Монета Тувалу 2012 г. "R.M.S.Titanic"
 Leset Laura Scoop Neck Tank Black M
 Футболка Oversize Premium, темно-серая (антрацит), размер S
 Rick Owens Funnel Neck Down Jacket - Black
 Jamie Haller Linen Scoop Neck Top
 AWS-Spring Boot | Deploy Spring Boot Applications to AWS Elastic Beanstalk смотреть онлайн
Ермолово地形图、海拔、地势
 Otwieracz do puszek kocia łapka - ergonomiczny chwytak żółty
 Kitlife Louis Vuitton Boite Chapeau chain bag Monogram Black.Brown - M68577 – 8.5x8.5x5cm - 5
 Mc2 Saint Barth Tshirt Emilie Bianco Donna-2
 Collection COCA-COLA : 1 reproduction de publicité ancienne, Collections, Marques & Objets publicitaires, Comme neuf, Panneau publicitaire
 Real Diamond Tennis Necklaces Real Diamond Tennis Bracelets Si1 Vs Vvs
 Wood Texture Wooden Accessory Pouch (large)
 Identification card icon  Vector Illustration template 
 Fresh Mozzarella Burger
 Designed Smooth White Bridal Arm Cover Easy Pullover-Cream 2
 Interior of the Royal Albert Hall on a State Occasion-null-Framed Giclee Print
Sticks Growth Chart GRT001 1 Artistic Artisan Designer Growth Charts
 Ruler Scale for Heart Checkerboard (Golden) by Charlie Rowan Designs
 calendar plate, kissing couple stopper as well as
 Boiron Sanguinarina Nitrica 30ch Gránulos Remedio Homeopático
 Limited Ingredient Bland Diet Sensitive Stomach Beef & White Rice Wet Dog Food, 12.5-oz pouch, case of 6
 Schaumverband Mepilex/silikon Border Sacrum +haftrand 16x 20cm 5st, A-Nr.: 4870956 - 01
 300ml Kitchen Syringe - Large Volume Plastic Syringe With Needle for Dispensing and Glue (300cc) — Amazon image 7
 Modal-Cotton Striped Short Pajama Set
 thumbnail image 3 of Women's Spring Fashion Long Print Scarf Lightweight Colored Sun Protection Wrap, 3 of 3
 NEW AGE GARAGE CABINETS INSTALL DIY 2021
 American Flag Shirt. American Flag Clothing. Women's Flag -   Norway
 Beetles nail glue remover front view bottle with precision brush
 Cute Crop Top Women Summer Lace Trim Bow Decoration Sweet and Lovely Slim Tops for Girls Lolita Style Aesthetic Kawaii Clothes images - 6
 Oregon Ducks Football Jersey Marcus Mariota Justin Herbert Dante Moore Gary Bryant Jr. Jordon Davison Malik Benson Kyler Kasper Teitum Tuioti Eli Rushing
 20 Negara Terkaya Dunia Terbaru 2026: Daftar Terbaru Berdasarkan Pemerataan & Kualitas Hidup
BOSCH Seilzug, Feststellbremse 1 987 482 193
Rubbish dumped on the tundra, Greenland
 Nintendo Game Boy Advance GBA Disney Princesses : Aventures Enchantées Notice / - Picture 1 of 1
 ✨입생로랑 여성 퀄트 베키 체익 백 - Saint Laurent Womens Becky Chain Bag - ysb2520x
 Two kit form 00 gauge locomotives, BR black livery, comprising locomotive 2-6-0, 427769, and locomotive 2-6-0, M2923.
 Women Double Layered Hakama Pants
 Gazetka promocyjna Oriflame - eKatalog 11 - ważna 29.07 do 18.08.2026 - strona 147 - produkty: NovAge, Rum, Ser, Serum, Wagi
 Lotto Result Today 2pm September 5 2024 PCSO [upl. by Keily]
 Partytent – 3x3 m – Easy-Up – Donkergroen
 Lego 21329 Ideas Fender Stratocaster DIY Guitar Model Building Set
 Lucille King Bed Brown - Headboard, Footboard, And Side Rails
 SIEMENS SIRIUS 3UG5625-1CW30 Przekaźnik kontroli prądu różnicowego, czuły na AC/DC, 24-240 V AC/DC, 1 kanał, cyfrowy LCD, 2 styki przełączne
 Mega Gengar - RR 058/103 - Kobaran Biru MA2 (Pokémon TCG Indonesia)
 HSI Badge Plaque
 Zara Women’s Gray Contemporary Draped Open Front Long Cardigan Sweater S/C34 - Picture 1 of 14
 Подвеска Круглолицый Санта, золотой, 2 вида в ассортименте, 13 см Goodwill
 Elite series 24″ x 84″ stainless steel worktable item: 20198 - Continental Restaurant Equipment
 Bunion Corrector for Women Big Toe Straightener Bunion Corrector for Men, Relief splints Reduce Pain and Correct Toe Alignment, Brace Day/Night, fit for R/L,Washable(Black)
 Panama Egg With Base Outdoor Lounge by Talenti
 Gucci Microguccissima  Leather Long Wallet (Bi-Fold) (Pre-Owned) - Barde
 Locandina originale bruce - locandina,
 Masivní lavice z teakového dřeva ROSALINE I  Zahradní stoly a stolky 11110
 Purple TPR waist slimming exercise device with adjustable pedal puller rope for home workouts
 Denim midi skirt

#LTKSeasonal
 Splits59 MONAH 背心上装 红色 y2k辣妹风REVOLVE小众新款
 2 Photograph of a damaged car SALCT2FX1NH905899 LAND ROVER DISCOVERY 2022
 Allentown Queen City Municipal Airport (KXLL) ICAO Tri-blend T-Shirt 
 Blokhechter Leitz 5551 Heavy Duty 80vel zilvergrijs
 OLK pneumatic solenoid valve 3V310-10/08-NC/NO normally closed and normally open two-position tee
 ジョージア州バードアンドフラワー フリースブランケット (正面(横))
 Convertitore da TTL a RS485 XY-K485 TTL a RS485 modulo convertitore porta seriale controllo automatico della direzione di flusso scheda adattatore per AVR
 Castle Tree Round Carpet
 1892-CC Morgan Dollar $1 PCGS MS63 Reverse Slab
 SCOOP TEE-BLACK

•••••

Find the string "Long" in the listing and return every line that holds it.

Task result:
 thumbnail image 3 of Women's Spring Fashion Long Print Scarf Lightweight Colored Sun Protection Wrap, 3 of 3
 Zara Women’s Gray Contemporary Draped Open Front Long Cardigan Sweater S/C34 - Picture 1 of 14
 Gucci Microguccissima  Leather Long Wallet (Bi-Fold) (Pre-Owned) - Barde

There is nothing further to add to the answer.